- **ASSIGNMENT**: The data below contains pictures, which are to be skipped; the lines starting at the line with "Boat Captain Icons Illustrazione stock" and ending at the line with "Chevron Pink Sapphire" are to be output exactly, both ends included.

- **THE DATA**:
^^^^^^^^^^^^^^^^
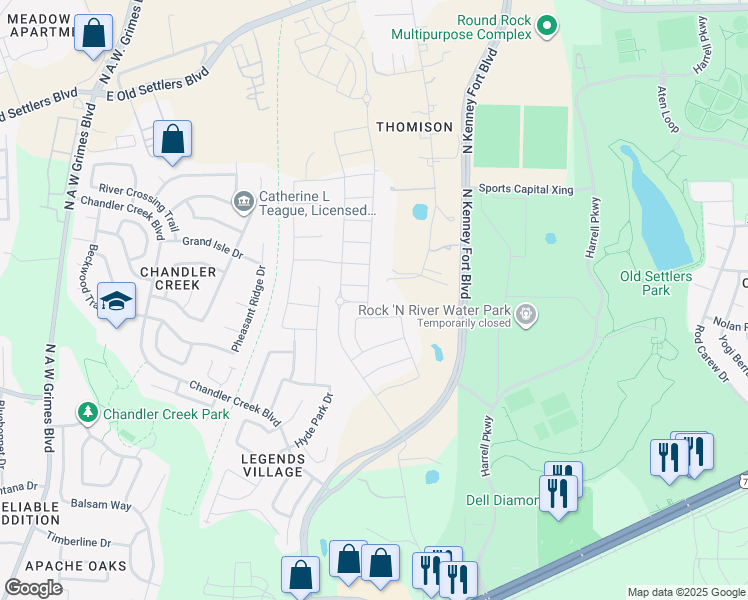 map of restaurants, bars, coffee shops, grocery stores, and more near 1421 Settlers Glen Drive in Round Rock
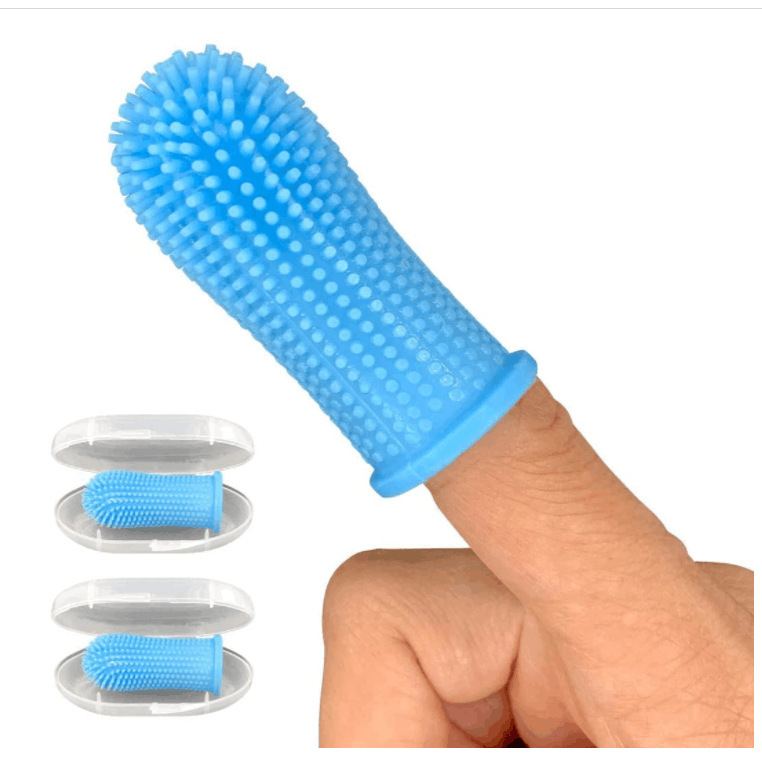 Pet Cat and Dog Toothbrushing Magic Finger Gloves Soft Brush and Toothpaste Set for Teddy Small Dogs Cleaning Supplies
^^^^^^^^^^^^^^^^
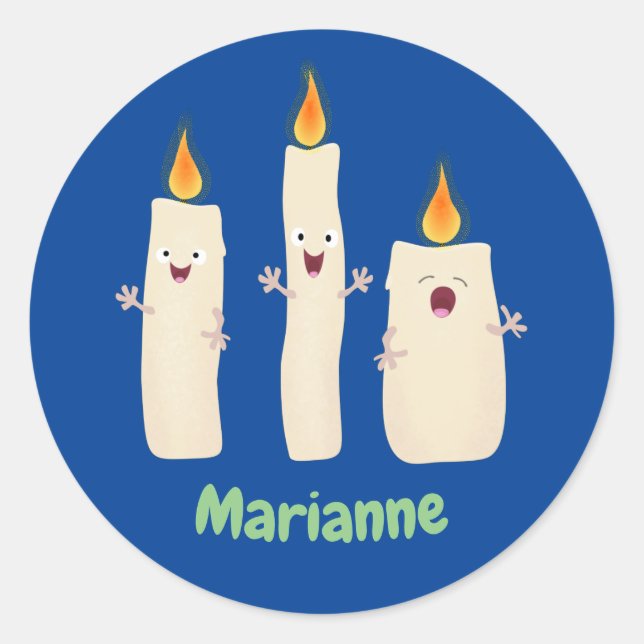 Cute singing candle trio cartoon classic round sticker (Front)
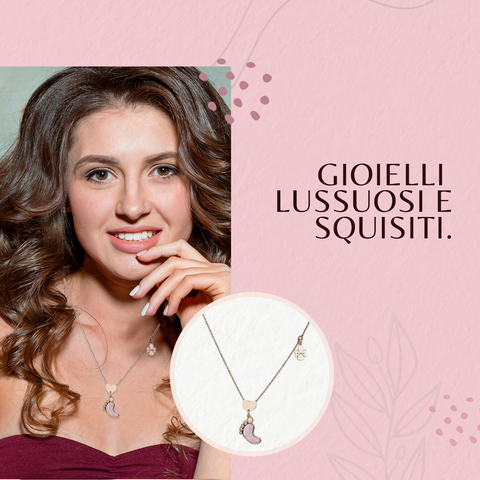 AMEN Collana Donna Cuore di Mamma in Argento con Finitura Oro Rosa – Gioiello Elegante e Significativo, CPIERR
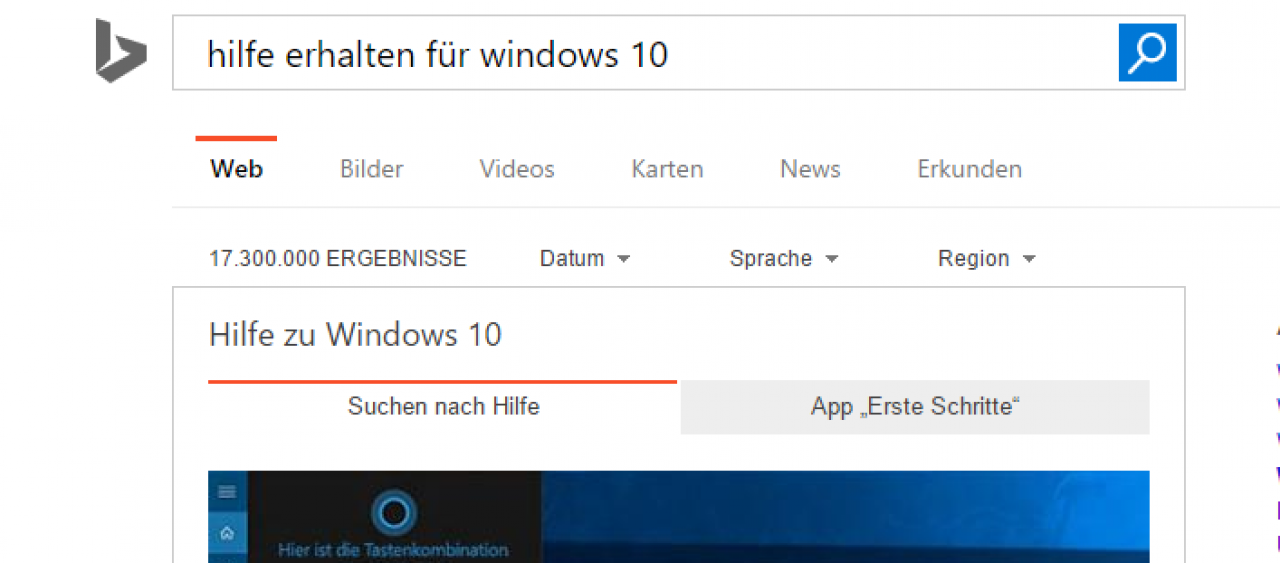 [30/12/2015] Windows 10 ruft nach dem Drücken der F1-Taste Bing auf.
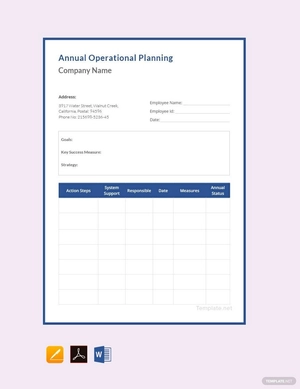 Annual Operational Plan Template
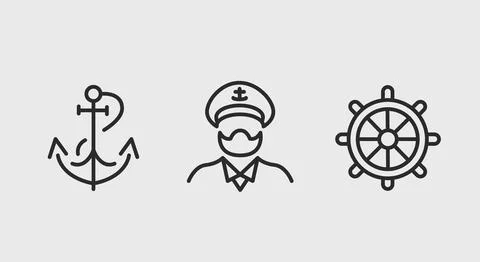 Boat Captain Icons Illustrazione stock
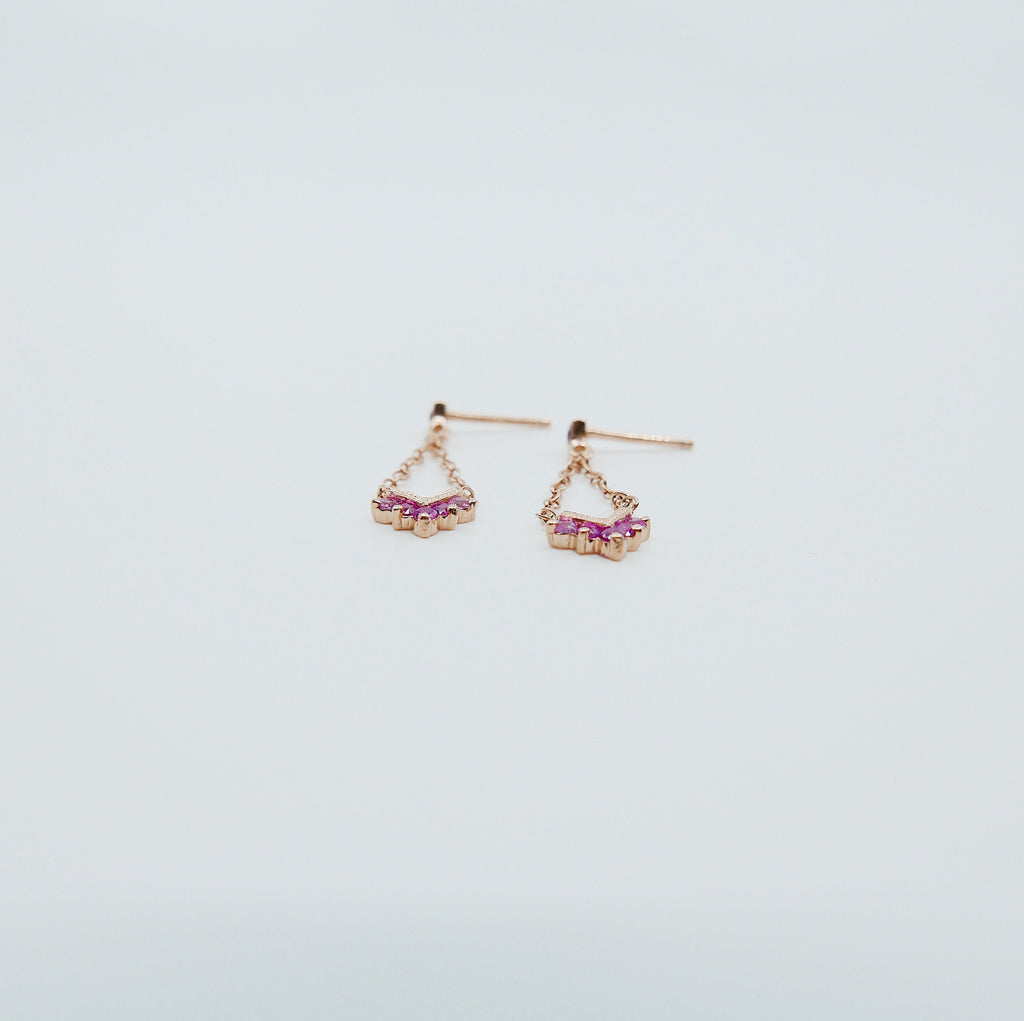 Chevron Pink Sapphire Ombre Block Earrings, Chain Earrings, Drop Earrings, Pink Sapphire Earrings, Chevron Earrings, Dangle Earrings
^^^^^^^^^^^^^^^^
- **WORKED SOLUTION**:
 Boat Captain Icons Illustrazione stock
 Chevron Pink Sapphire Ombre Block Earrings, Chain Earrings, Drop Earrings, Pink Sapphire Earrings, Chevron Earrings, Dangle Earrings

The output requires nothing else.